● THE PROBLEM: Reproduce exactly the lines below from the one containing "One person showing" through the one containing "Decorative sun ornament", including both, and nothing else.

● RECORDS FOR THIS TASK:
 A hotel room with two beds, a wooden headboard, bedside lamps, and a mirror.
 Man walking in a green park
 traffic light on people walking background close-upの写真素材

---

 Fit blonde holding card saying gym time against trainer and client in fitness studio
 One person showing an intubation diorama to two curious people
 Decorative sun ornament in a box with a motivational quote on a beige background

● RESULT BELOW:
 One person showing an intubation diorama to two curious people
 Decorative sun ornament in a box with a motivational quote on a beige background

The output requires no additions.